● TASK TO CARRY OUT
In the entries below, find the line with "645 Rivanna Hill" and the line with "evaluate the bridal"; reproduce those two lines and all lines between them exactly, without pictures.

● INPUT FOR THIS TASK
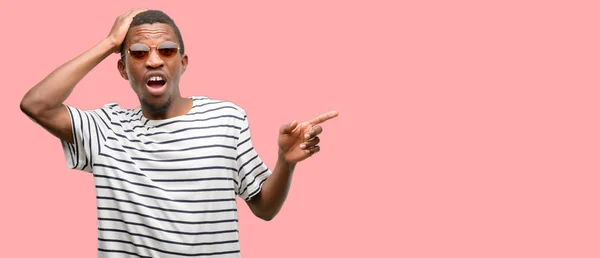 African Black Man Wearing Sunglasses Pointing Away Side Finger — Stock Photo, Image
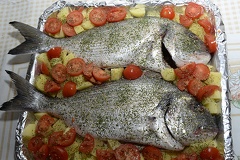 Baked sea bream with potatoes,cooking bream fillets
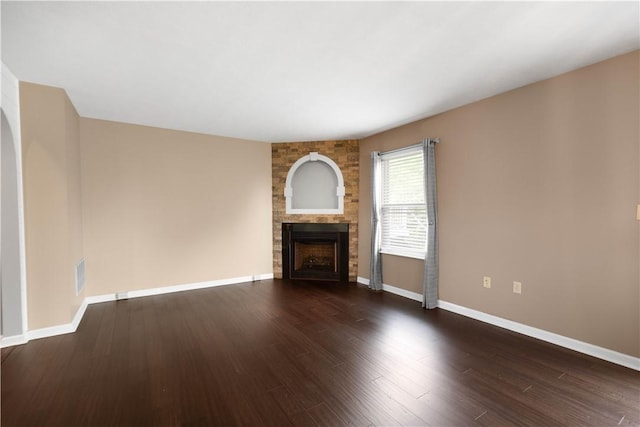 239 Mountain Dr, Carnegie, PA 15106 - unfurnished living room featuring a large fireplace, baseboards, and dark wood-type flooring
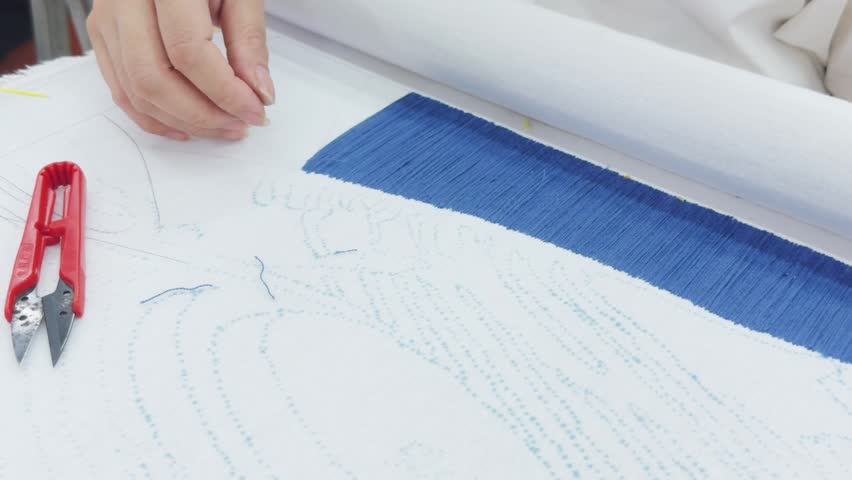 Hand working on a textile piece, a craftsman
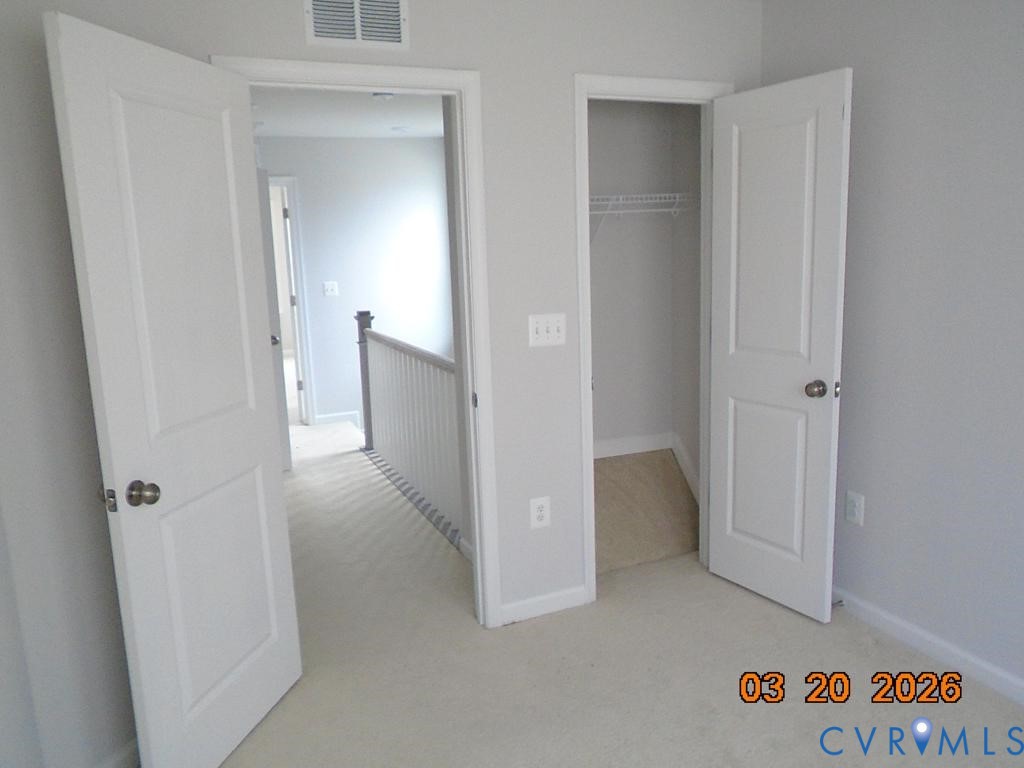 645 Rivanna Hill Road Glen Allen, VA 23060 - Photo 22 of 25 Unfurnished bedroom with light carpet and a closet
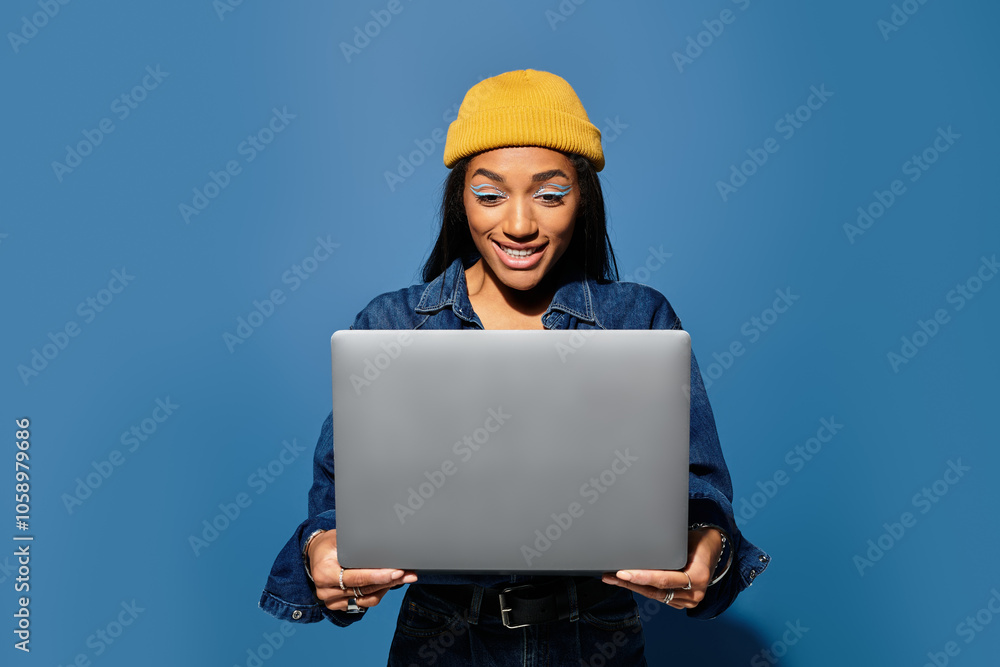 A young woman in a stylish outfit smiles at her laptop in a cheerful setting. A young woman in a stylish outfit smiles at her laptop in a cheerful setting.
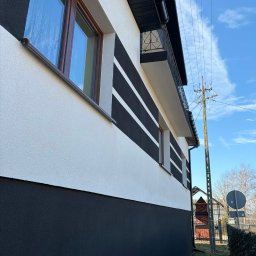 Cichy Kąt USŁUGI REMONTOWO - BUDOWLANE Maciej Dobiesz - Elewacja domu po malowaniu w biało-czarne pasy, z widocznym balkonem i oknami z brązowymi ramami. Słup elektryczny w tle.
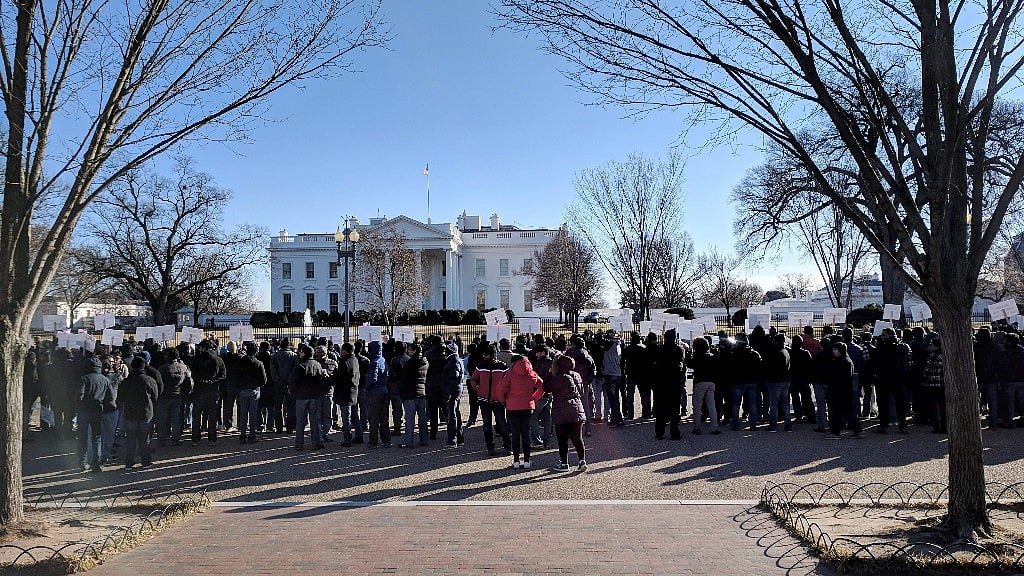Hundred highly-skilled Indian workers hold a rally to end the per-country limit on legal permanent residency so as to eliminate the massive Green Card backlog.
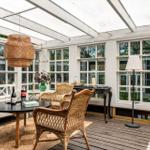 Glasdach über Terrasse mit Stühlen und Tisch. Holzdecke und Fenster sichtbar.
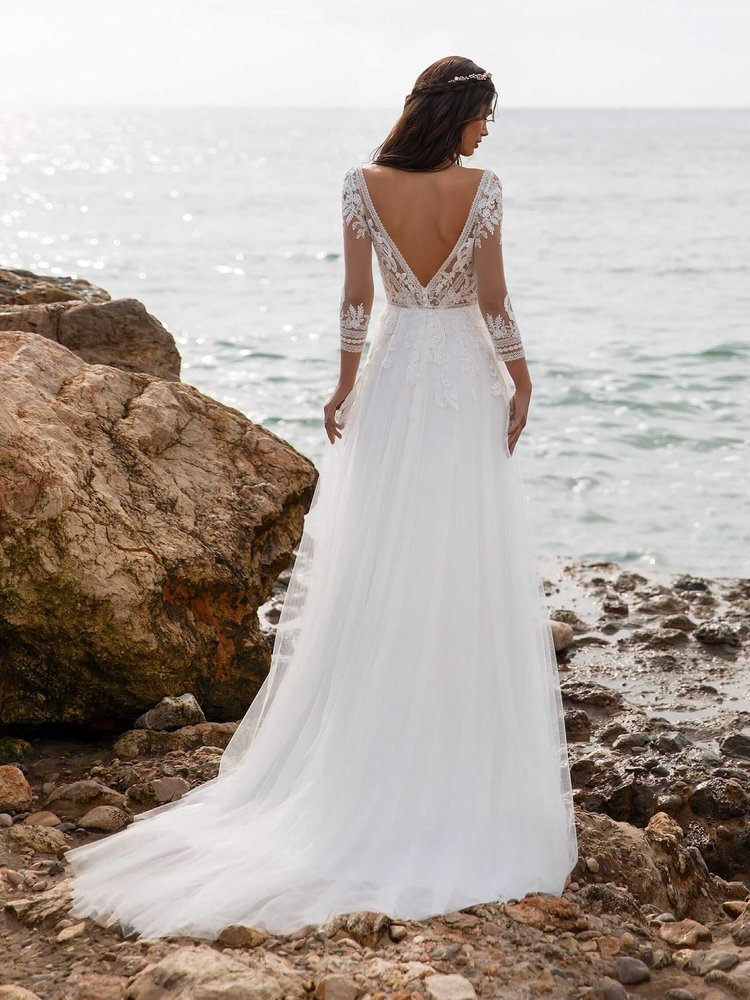 evaluate the bridal retail company pronovias on beach wedding dresses Pronovias: Bale main image 0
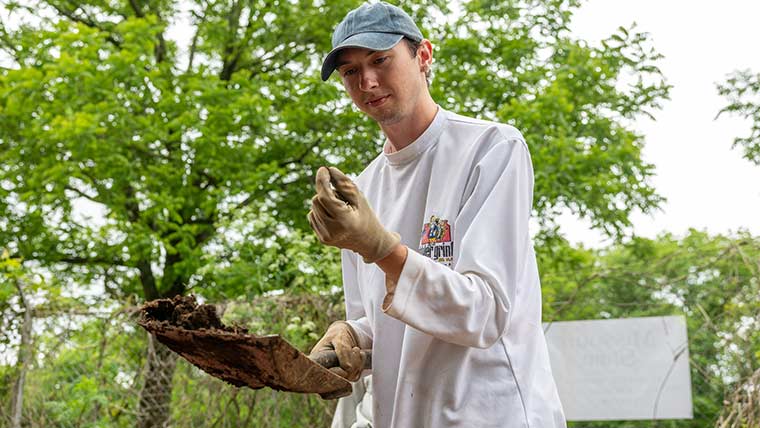 A student examines findings from an archaeological dig at Nathanael Greene Park  in Springfield.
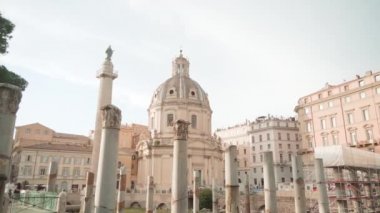 Church of Most Holy Name of Mary and columns at Trajan Forum in Rome under cloudy sky. Ancient ruins and architecture in Italian city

● TASK RESPONSE
 645 Rivanna Hill Road Glen Allen, VA 23060 - Photo 22 of 25 Unfurnished bedroom with light carpet and a closet
 A young woman in a stylish outfit smiles at her laptop in a cheerful setting. A young woman in a stylish outfit smiles at her laptop in a cheerful setting.
 Cichy Kąt USŁUGI REMONTOWO - BUDOWLANE Maciej Dobiesz - Elewacja domu po malowaniu w biało-czarne pasy, z widocznym balkonem i oknami z brązowymi ramami. Słup elektryczny w tle.
Hundred highly-skilled Indian workers hold a rally to end the per-country limit on legal permanent residency so as to eliminate the massive Green Card backlog.
 Glasdach über Terrasse mit Stühlen und Tisch. Holzdecke und Fenster sichtbar.
 evaluate the bridal retail company pronovias on beach wedding dresses Pronovias: Bale main image 0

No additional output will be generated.